Solution: We recall that a matrix $M$ of size $n \times n$ is diagonalizable if and only if $M$ has $n$ linearly independent eigenvectors. Let us find the eigenvalues of the matrix $M$. The characteristic polynomial of $M$ is given by
\begin{align*}
\det (M - \lambda I) & = \det \begin{bmatrix}
4 - \lambda & -3 \\
1 & -\lambda \\
\end{bmatrix} \\
& = \lambda ^2 - 4\lambda + 3.
\end{align*}
Eigenvalue of $M$ are the roots of the characteristic polynomial.
\[
\lambda ^2 - 4\lambda + 3 = (\lambda -3)(\lambda -1) = 0.
\]
Thus, the eigenvalues are $1$ and $3$. Since the eigenvalues are distinct, the corresponding eigenvectors will be linearly independent and hence the matrix $M$ is diagonalizable. Now we will prove the following lemma.
Let $M$ is a diagonalizable matrix and $p(x)$ be any polynomial. Then $f(M)$ is also diagonalizable.

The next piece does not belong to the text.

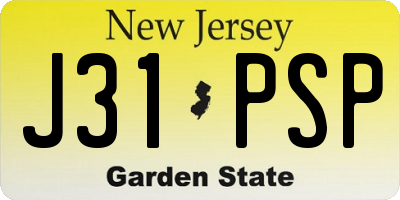 NJ license plate J31PSP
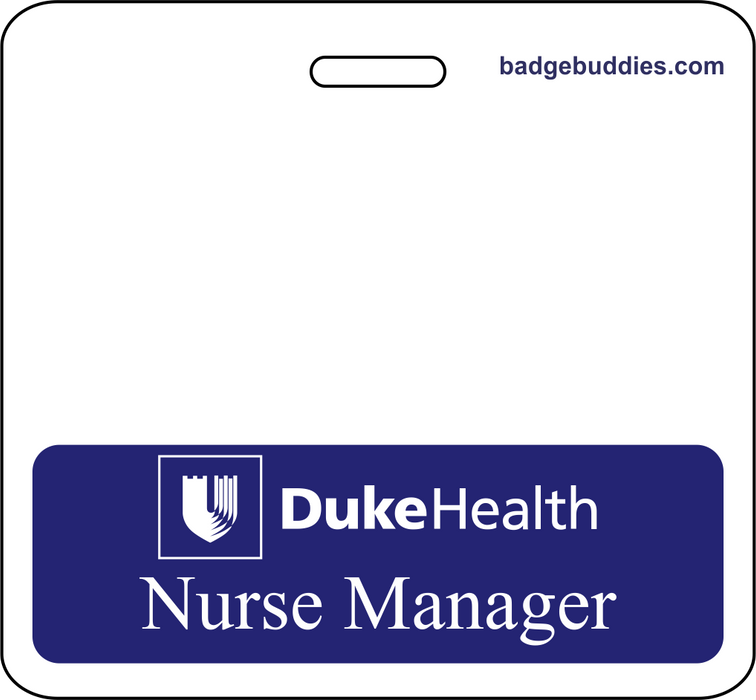 3 3/8" x 3 1/8" Horizontal Single Sided Duke Health / Dark Blue / Nurse Manager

Proof: Given that $M$ is diagonalizable matrix, so we can find nonsingular matrix $P$ and a diagonal matrix $D = \mathrm{diag}\left[ \lambda _1, \lambda _2, \dots, \lambda _n \right] $ such that
\[
M = P D P ^{-1}.
\]
Let
\[
f(x) = \sum_{i=0}^{k} a_i x^i, \quad a_k \neq 0,
\]
be any polynomial of degree $k$. Then
\begin{align*}
f(M) & = \sum_{i=0}^{k} a_i M^i \\
& = \sum_{i= 0} ^{k} a_i \left( P D P ^{-1} \right)^i \\
& = P \left[ \sum_{i=0}^{k} a_i D^i \right] P ^{-1} \\
& = P D' P ^{-1} ,
\end{align*}
where $D'$ is a diagonal matrix. Thus, $f(M)$ is diagonalizable.
Therefore, $M^8 + M^{12}$ and $M^7 + M^9$ are diagonalizable matrices. Thus, both P and Q are TRUE.